The demand for seller j ∈ N is then

Dj(m,p) = Pr[xj ≥ pj and∑i∈N

max(xi − pi, 0) ≥ m], if m ≥ 0. (2)

Figure 1 shows the demand patterns for two sellers. The left panel corresponds

to m > 0, where the shoppers on the upper-right side of the line segments ab, bc,

and cd visit the platform. Those on the right side of be, bc, and cd buy from seller

1, and those above ab, bc, and cf buy from seller 2.

Figure 1: Shoppers’Purchase Choice when n = 2

The case with a subsidy (m < 0) is different because receiving the subsidy is

contingent on purchasing from at least one seller.

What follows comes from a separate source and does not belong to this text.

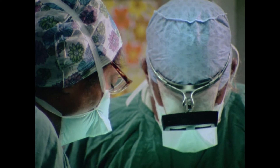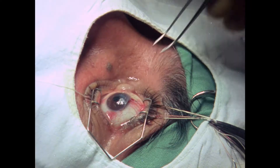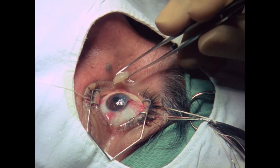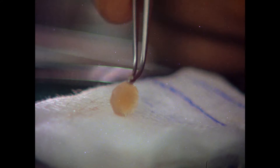Cataracts are a common cause of partial blindness among many elderly people. This man is more fortunate than most of his age, for in the centre of Australia where he lives, a quarter of the Aborigines over 60 are blind.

Therefore a shopper visits the

platform if and only if there exists some seller i ∈ N who provides him with an

expected net surplus xi − pi −m ≥ 0. This means the platform’s demand is now

D0(m,p) = Pr[max(xi − pi −m,∀i ∈ N) ≥ 0], if m < 0. (3)

Now consider seller j’s demand. A shopper will clearly buy from her if xj−pj ≥ 0.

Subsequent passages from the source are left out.